1. Create happiness hygiene. We eat, sleep and brush our teeth everyday, yet we neglect something crucial: priming our brain to positive. Create a two minute daily habit of thinking of 3 new things you are grateful for each day, journaling about a positive experience for two minutes, meditating by watching your breath go in and out, or writing a positive 2 minute email. Pick up 1,095 Reasons to be Happy: Your Gratitude Journal and start your gratitude journal today!
2. Use success accelerants. Rats run faster at the end of the maze, and marathoners speed up at 26.1 miles at a place called the X-spot. Coffee cards where you have to get 12 stamps you get two free stamps before then buying 10 cups of coffee accelerates purchasing because your brain sees that you are already 1/6 the way through. Our brain accelerates the closer we perceive success.

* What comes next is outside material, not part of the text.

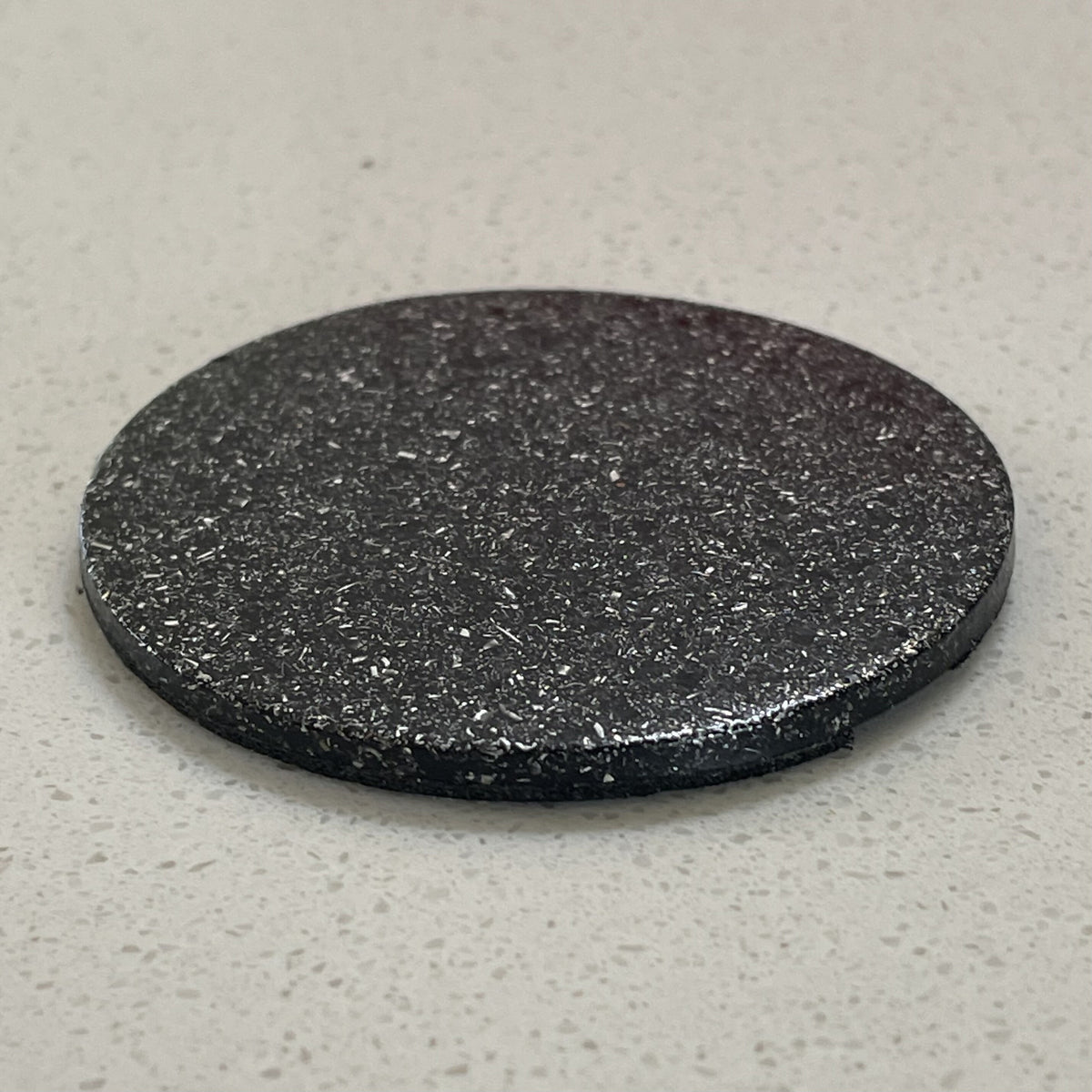 Angled view of a thin dark Maxishield disc with a flecked surface and rounded edge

If you make a checklist of tasks for the day, include several things you have already accomplished. If you are starting a new positive habit, don’t start at zero, include the day or two you have successfully avoided dessert or exercise. Some companies offer 150% commission for the first week of a new sales period to show progress right from the beginning.
3. Don’t wait for happiness. If we raise your success rates, happiness remains the same. Raise happiness levels in the present, find meaning at work, connect to the people around you, perceive stress as enhancing, and your success rates rise dramatically. Happiness at work fuels success.